◆ **Task**: Your answer must be the exact lines from the one with "No Nonsense Opaque" to the end of the data, both included, with no pictures.
---------- Records provided ----------
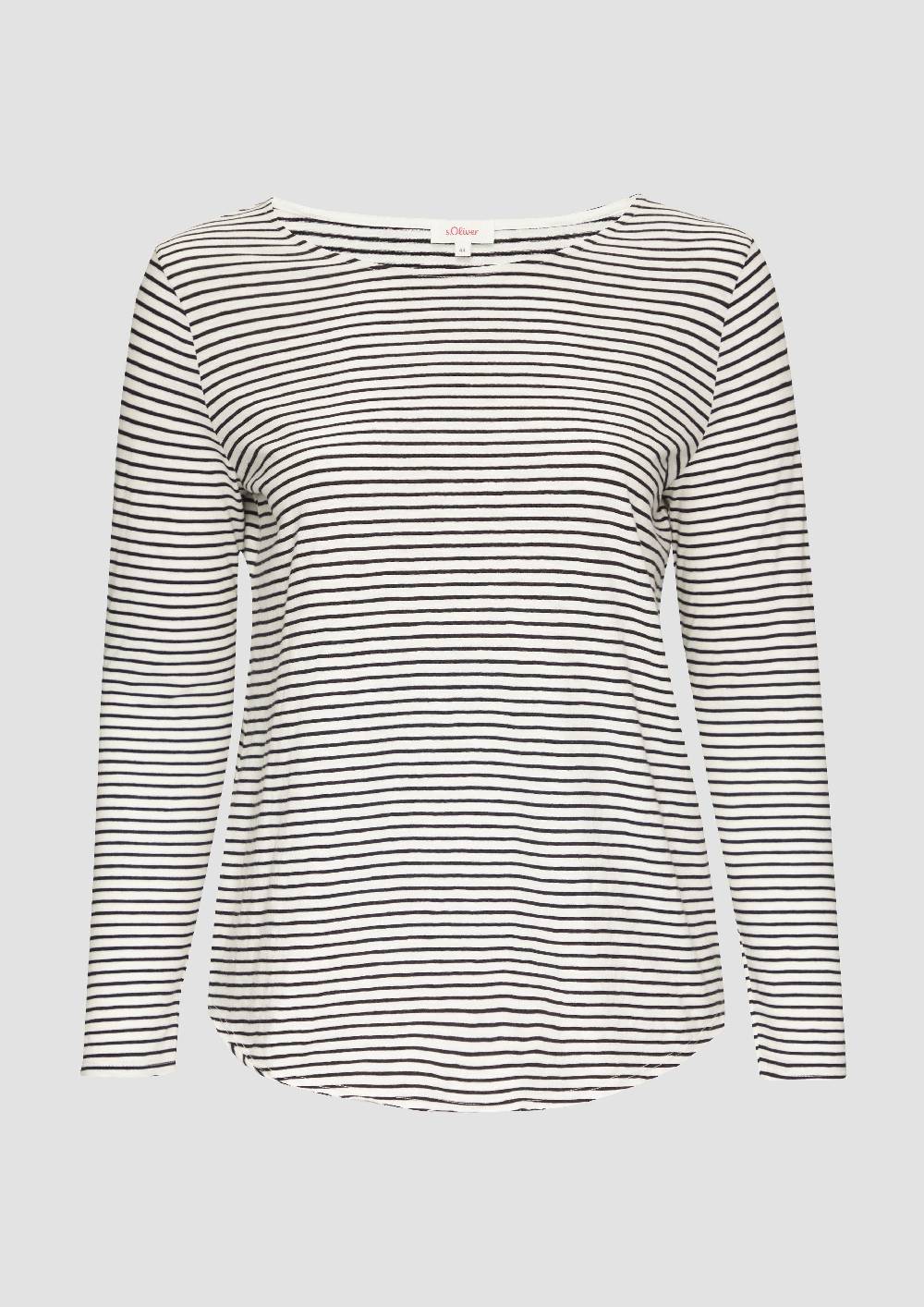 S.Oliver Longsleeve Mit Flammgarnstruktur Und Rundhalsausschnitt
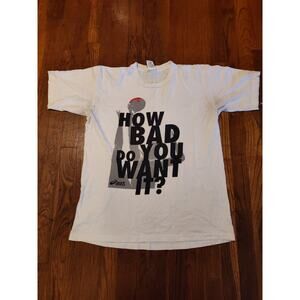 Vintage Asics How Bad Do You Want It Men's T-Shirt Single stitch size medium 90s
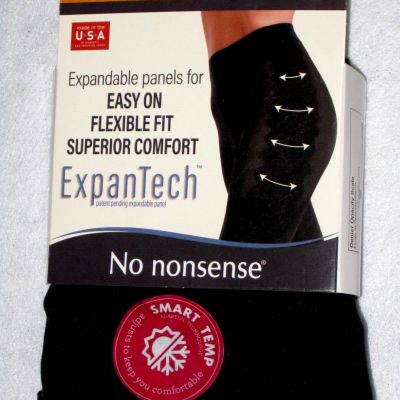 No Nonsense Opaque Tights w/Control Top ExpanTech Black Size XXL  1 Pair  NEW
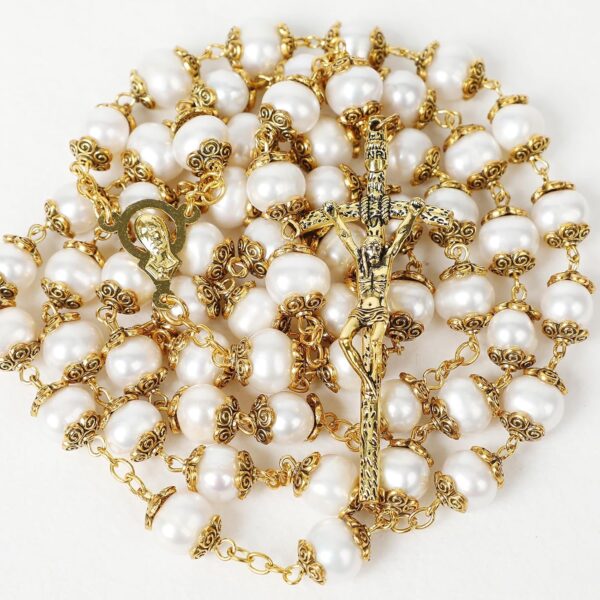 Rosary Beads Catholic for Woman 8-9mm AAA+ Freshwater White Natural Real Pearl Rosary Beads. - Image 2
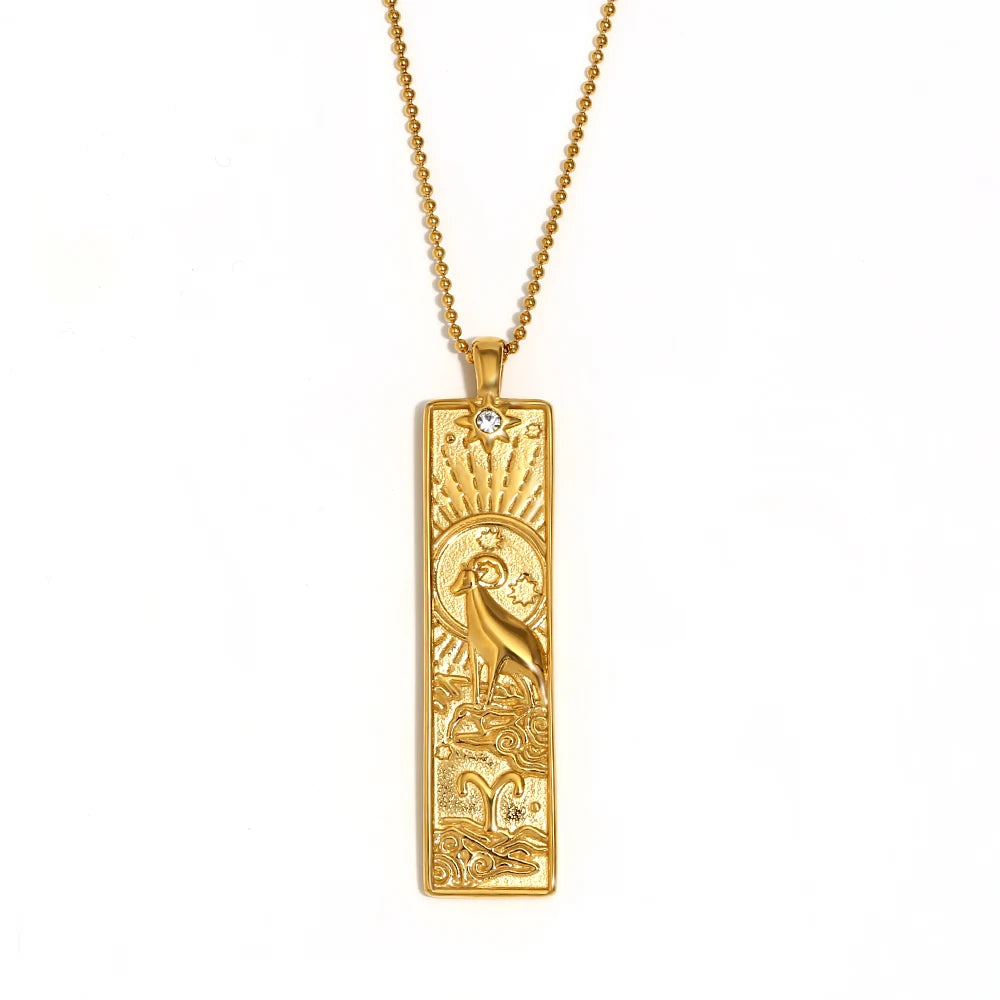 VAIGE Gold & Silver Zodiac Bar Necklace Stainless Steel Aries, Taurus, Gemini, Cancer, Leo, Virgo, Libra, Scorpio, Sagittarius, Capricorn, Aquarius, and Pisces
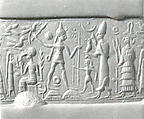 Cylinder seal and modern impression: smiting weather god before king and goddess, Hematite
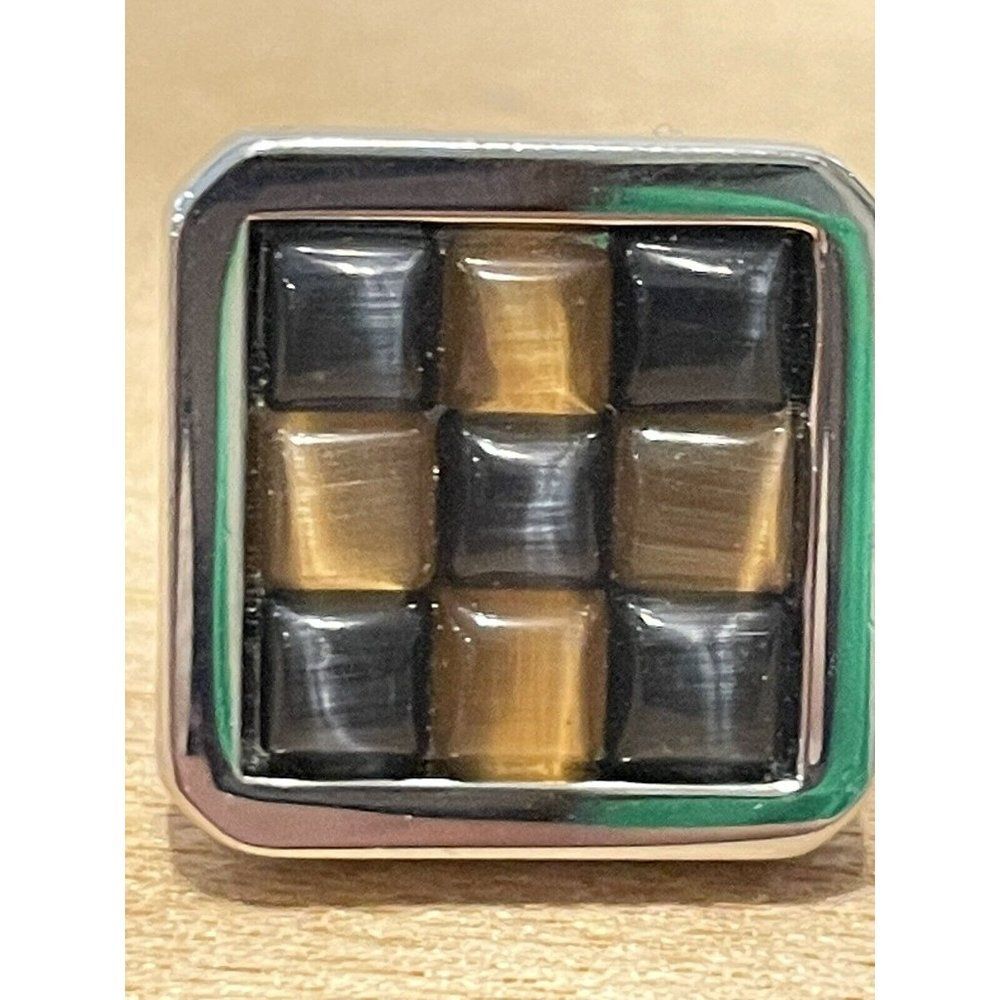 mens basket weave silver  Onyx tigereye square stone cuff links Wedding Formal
----------
◆ **Response**:
 No Nonsense Opaque Tights w/Control Top ExpanTech Black Size XXL  1 Pair  NEW
 Rosary Beads Catholic for Woman 8-9mm AAA+ Freshwater White Natural Real Pearl Rosary Beads. - Image 2
 VAIGE Gold & Silver Zodiac Bar Necklace Stainless Steel Aries, Taurus, Gemini, Cancer, Leo, Virgo, Libra, Scorpio, Sagittarius, Capricorn, Aquarius, and Pisces
 Cylinder seal and modern impression: smiting weather god before king and goddess, Hematite
 mens basket weave silver  Onyx tigereye square stone cuff links Wedding Formal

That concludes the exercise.